*Work required*: For this exercise, copy exactly the lines below from the one with "靓丽车模集 [134P4V-5.03GB]" through the one with "新赛季CBA总冠军恒大重新夺回王座 新赛季CBA总冠军恒大重新夺回王座" and leave out the pictures.

*Records supplied*:
===============
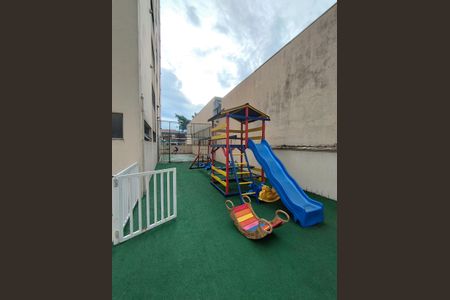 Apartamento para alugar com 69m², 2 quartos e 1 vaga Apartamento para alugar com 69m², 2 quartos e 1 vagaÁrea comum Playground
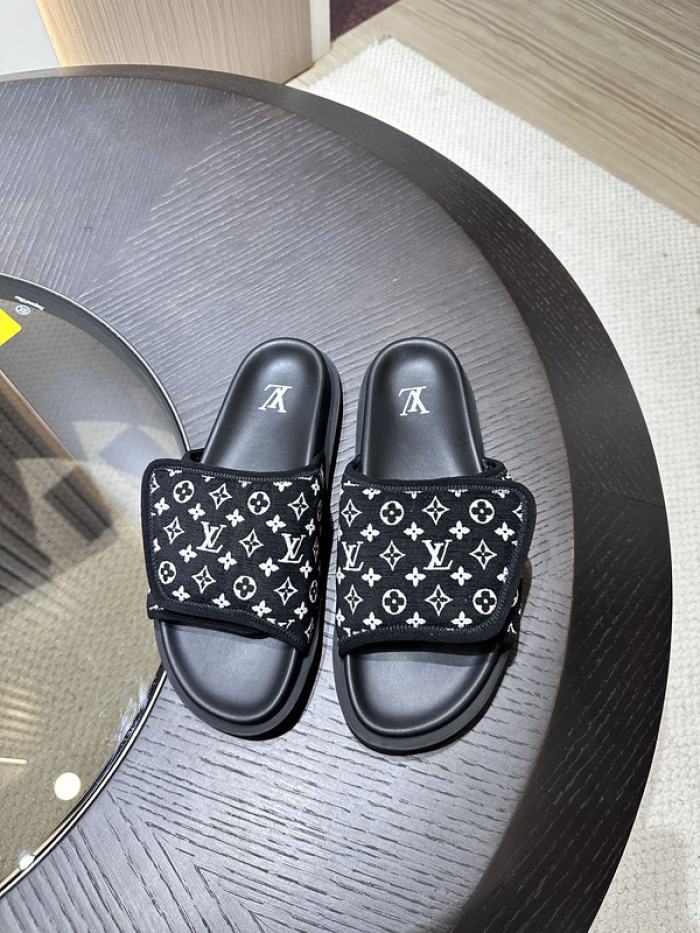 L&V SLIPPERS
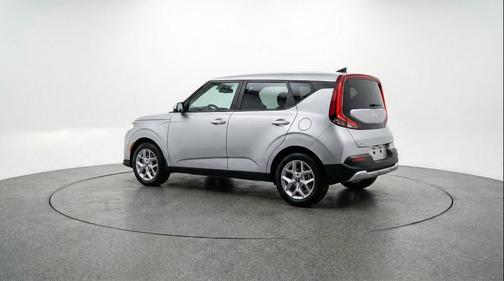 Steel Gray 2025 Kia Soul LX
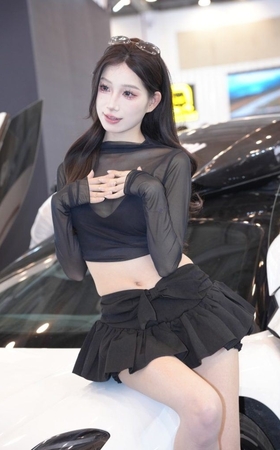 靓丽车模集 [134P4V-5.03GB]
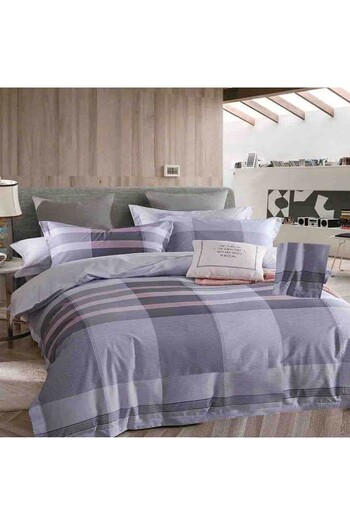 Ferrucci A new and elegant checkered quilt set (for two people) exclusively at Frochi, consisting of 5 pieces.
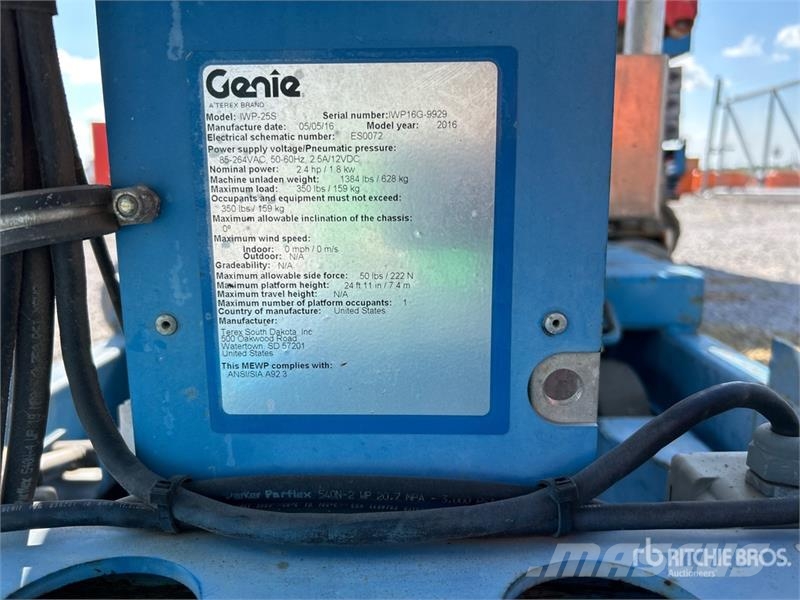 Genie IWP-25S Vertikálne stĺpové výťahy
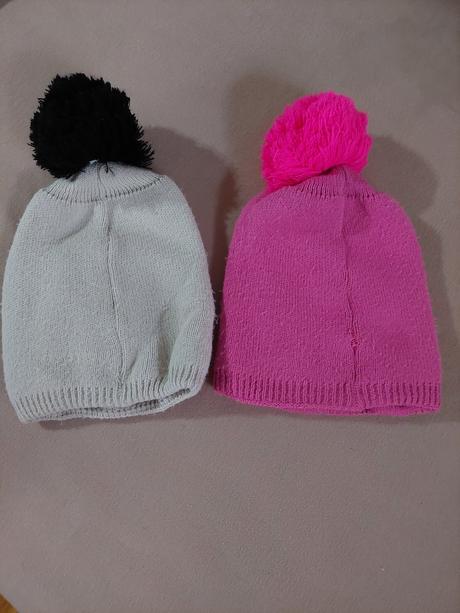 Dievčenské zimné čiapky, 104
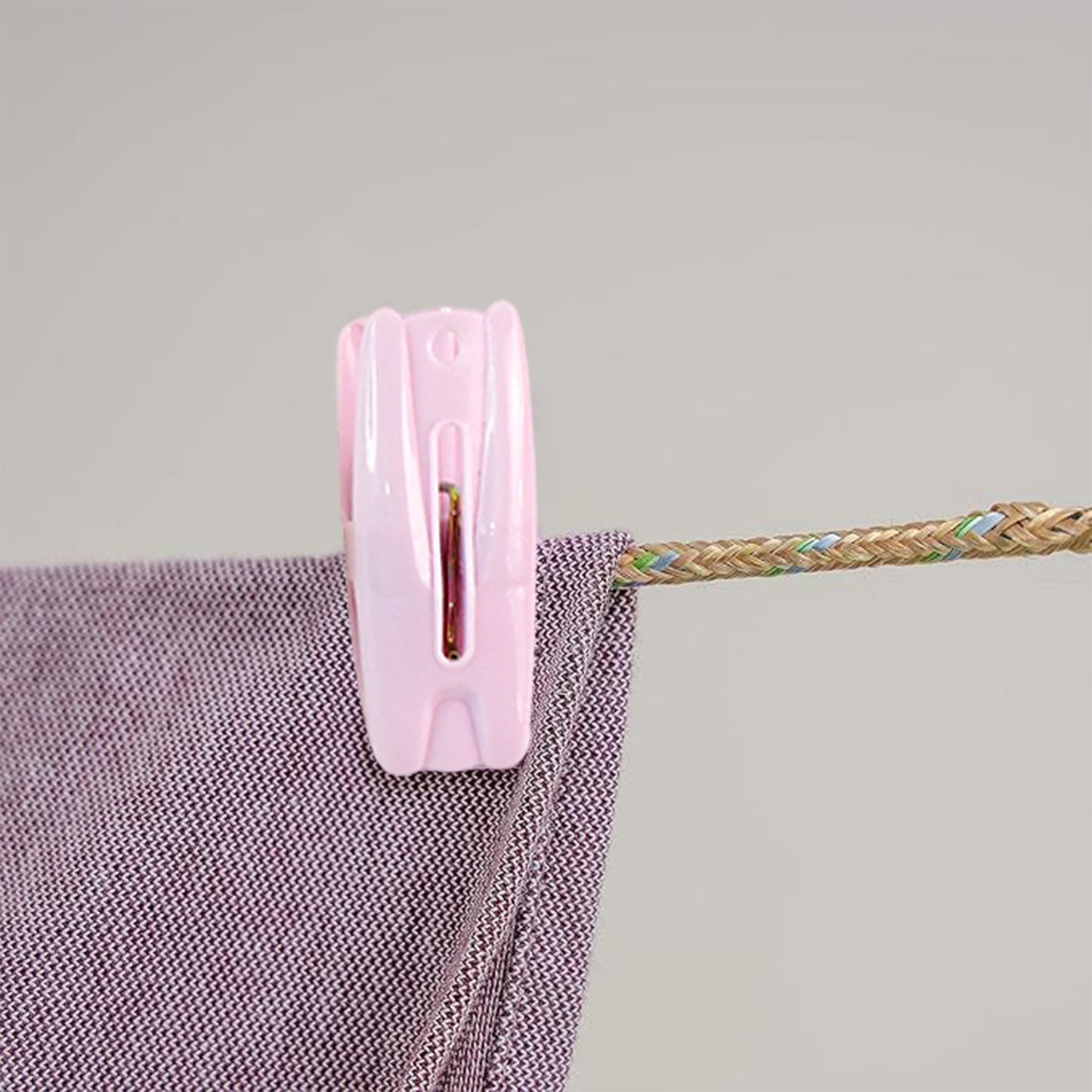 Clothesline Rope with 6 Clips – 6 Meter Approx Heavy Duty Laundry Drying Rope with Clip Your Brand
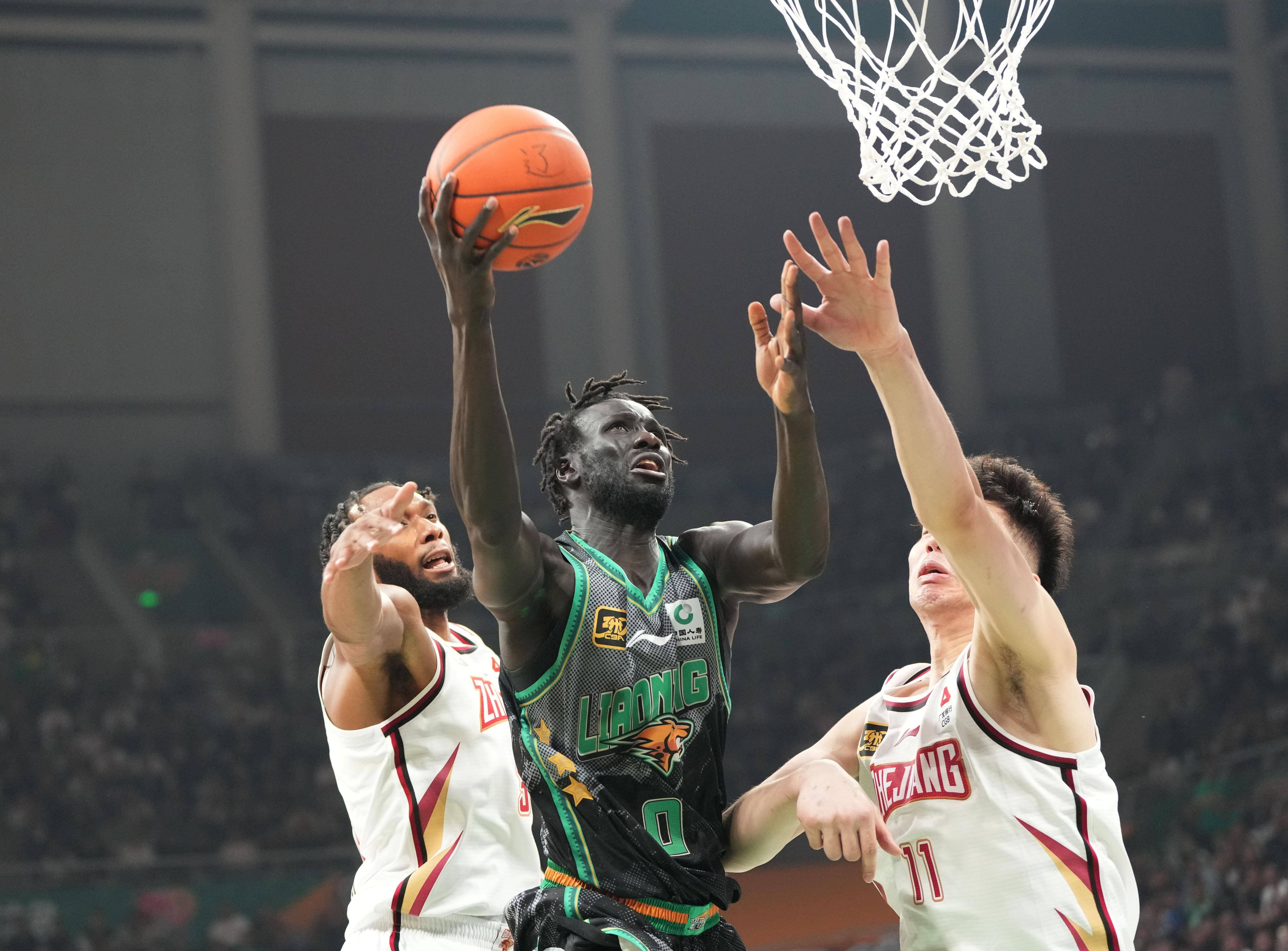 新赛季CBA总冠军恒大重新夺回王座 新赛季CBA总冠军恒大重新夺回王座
===============
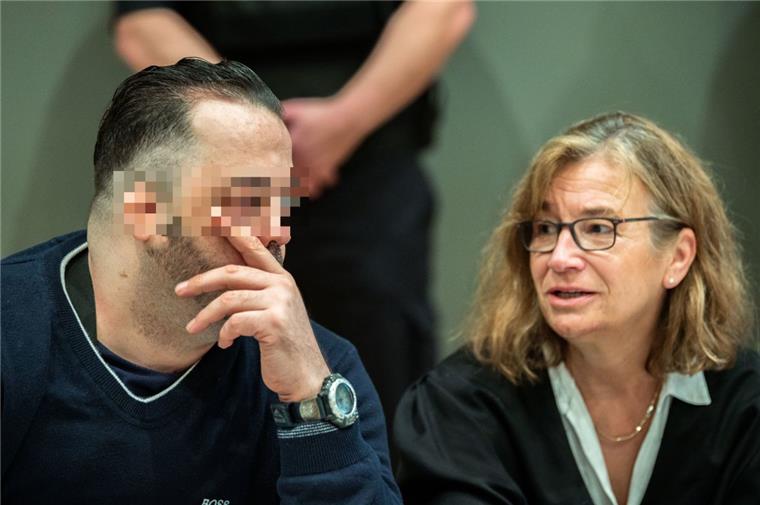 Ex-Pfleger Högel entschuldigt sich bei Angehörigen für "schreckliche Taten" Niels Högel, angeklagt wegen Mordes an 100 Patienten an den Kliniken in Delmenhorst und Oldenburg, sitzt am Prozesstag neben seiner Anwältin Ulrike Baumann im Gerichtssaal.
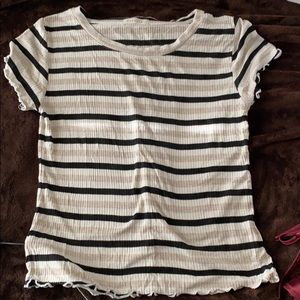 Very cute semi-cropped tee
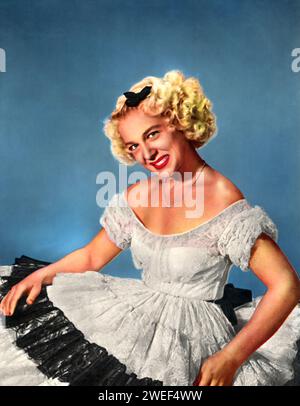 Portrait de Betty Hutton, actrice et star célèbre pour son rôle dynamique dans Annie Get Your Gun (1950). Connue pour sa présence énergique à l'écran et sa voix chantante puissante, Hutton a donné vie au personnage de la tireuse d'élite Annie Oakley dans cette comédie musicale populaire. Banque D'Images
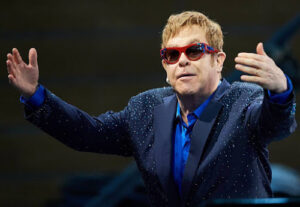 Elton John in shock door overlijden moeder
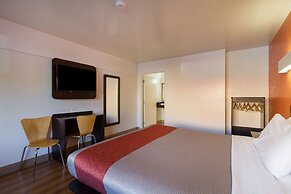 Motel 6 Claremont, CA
===============
*Output below*:
 靓丽车模集 [134P4V-5.03GB]
 Ferrucci A new and elegant checkered quilt set (for two people) exclusively at Frochi, consisting of 5 pieces.
 Genie IWP-25S Vertikálne stĺpové výťahy
 Dievčenské zimné čiapky, 104
 Clothesline Rope with 6 Clips – 6 Meter Approx Heavy Duty Laundry Drying Rope with Clip Your Brand
 新赛季CBA总冠军恒大重新夺回王座 新赛季CBA总冠军恒大重新夺回王座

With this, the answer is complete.